37. The question we have to decide is whether the Assistant Settlement Officer was right in recording the defendants as raiyats holding at fixed rates. There was a difference of opinion between Mr. Justice Beverley and Mr. Justice Ameer Ali upon the point, and the case was referred to Mr. Justice Jenkins, who took the same view as Mr. Justice Ameer Ali, and referred the case to a Full Bench. As, however, it has been decided that a Judge of the High Court, sitting alone, has no power to refer a case to a Full Bench, the case has to be dealt with by the present Court, which has been specially constituted to hear it. For my part I think that the conclusion at which Mr. Justice Ameer Ali and Mr. Justice Jenkins arrived is the correct one, and I do not think I can usefully add anything to what they have said in their judgments.
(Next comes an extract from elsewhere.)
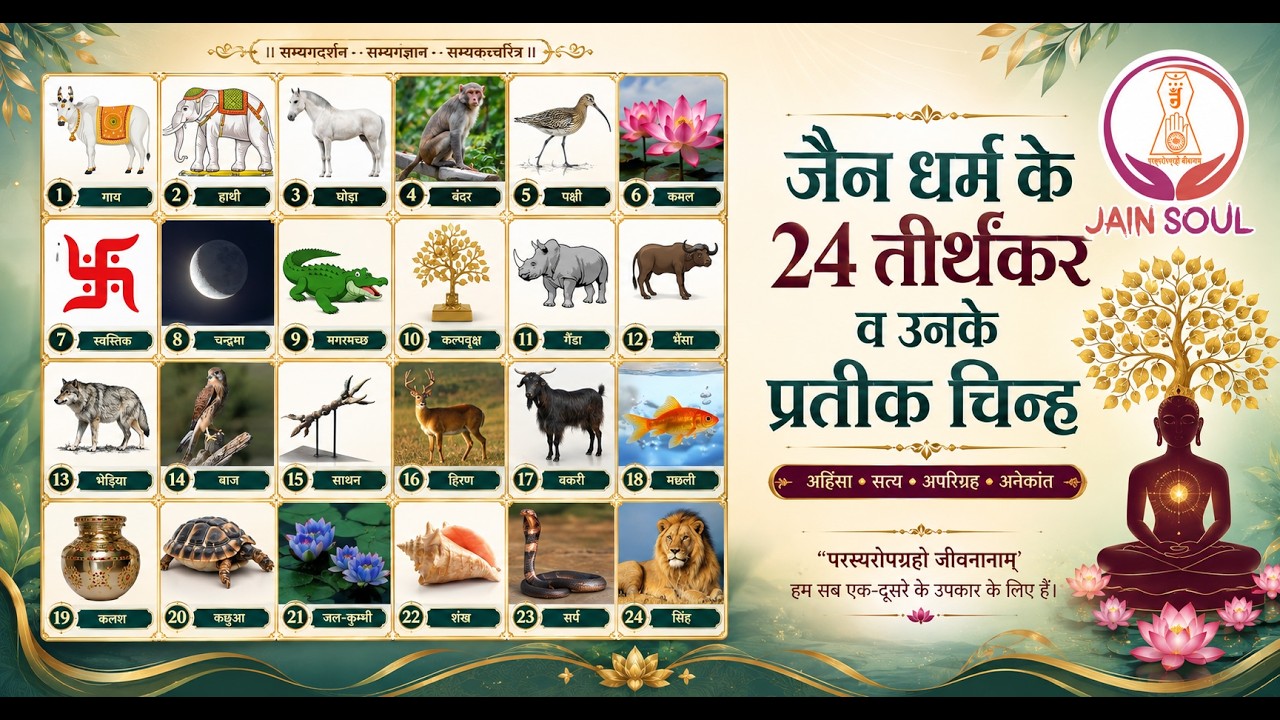 जैन धर्म  के 24 तीर्थंकर व उनके प्रतीक चिन्ह | 24 Tirthankar Bhagwan | 24 Tirthankar ke Chinh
In my opinion the Assistant Settlement Officer was right in recording the defendants as raiyats holding at fixed rates and the present appeal must be dismissed with costs. There will be no costs of the abortive reference.

Macpherson, J.

38. I also think that the view taken by Mr. Justice Ameer Ali and Mr. Justice Jenkins is correct; when the question is whether a raiyat holds at a fixed rent, that is to say, whether the rent or rate of rent was fixed in perpetuity, and the raiyat proves that he had held the land at an -uniform unchanged rent or rate of rent for, say, a hundred years, the Court would, I think, be justified in presuming, apart from any statutory enactment, that the rent was fixed in perpetuity. In Sub-section 2 of Section 50 of the Bengal Tenancy Act the Legislature apparently recognise the difficulty a raiyat might have in proving that the rent was unchanged for any such length of time, and it provides on proof of certain facts for the presumption which might in my opinion be made if in fact the finding of the Court was that the rent had been unchanged since the time of the Permanent Settlement.

Trevelyan, J.

39. I agree in thinking that the Assistant Settlement Officer was right in recording the defendants as raiyats holding at fixed rates, and I prefer to place my decision entirely upon the terms of clause 2 of Section 50 of the Bengal Tenancy Act. It having been proved in this case that these raiyats held at a rate of rent which had not been changed during the twenty years immediately before the institution of the suit or proceeding, it ought to be presumed, in accordance with the provision of that clause, that they have held at that rent or rate of rent from the time of the Permanent Settlement. It seems to me, as Mr. Justice Macpherson pointed out, that the fact that they held at that rent or rate of rent, raises in fact the presumption, apart from the Act, that the original contract was a contract to hold at fixed rates, and it would be evidence from which any judge of fact could reasonably presume that there had been such a contract. That is what has been done in this case. I, therefore, agree in thinking that the Settlement Officer was right in what he did.

Ghose, J.

40. I agree in thinking that the question referred to us should be answered in the affirmative.

Ameer Ali, J.

41. I gave my reasons very fully on the previous occasion for holding that the Assistant Settlement Officer was right in recording the defendants as raiyats holding at fixed rates, and I have nothing more to add.

Maclean, C.J.

42. The appeal will be dismissed with costs, including the costs of all the hearing's in this Court.